Denton made wrap-up sounds. I rose to leave. Pausing at the curtain which separated me from the stage, I turned to acknowledge the audience and the applause heightened. Denton, seeking to respond to this unexpected applause, said as I disappeared from view, "Man, that's one groovy bishop!" Somehow that line stuck. I was never again introduced on my tour of Australia without the host or hostess saying, "In the words of Andrew Denton, this is one groovy bishop." When I returned home, I wrote Andrew to thank him for having me on his show. He wrote back saying: "Your letter is the most gratifying I have received during eight years making television....To hear the audience listen and respond to you as they did gave me enormous satisfaction. To learn later of the reaction you got from appearing on the show is even more pleasing."

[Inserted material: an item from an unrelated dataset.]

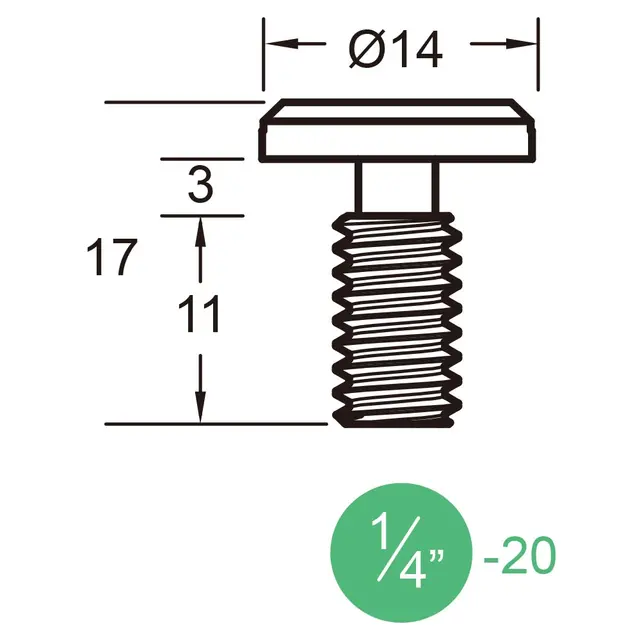 Kupo KS-165 1/4"-20 Camera Screw 1/4" kameraskrue med flatt hode 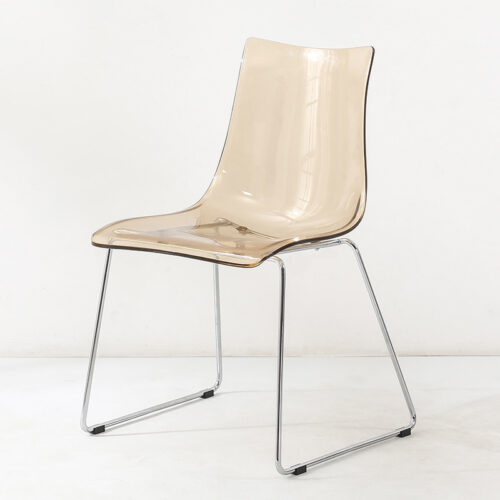 Transparent Plastic Dining Chair with Chrome Metal Sled Base Modern Accent Side Chair - Dining chair - QONKA HOME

The things I said on the Andrew Denton show permeate my speaking and my writing. They were not unusual. What was unusual was the medium. Late-night standup comedians attract a different audience--non-churchgoing, young, aggressive. This audience tends to dismiss religion as pious God talk, something in which their grandparents might engage. Religion in the public arena today tends to be limited either to the moralistic and political pronouncements of Protestant fundamentalists or to Roman Catholic issues such as the Vatican's sabotage of the world population conference in Cairo, the rejection of gays by the St. Patrick's Day parade, or a sexual scandal involving child abuse. That is the substance of religion that permeates the consciousness of the secularized under-40 generation. That, in my opinion, is what elicited the applause from the audience when something so different was heard from a Christian voice. In Australia, as well as the United States, I have discovered both a genuine spiritual hunger and a spiritual vacuum at the heart of all secular life. The church, as it is presently organized, does not touch that hunger or fill that vacuum. It is to that hunger and within that vacuum that I speak and for which I write. The religious right seems incapable of understanding this. So certain are they that the pious and irrelevent platitudes of the pre-modern Christian world are unchangeable that they spend their energy attacking not the problem but those of us who seek to address that problem.
In Australia on a program called "Denton Live!" I was given this rare opportunity in the name of Christ to invade the consciousness of a secular Australian audience. And I was able to cause them to hear a different kind of Christian voice than they had ever heard before. It was an incredible moment as well as a brief moment. Yet it just may have been the most important and powerful moment in my life for the proclamation of this gospel to which I am so deeply committed. I can only hope that is true.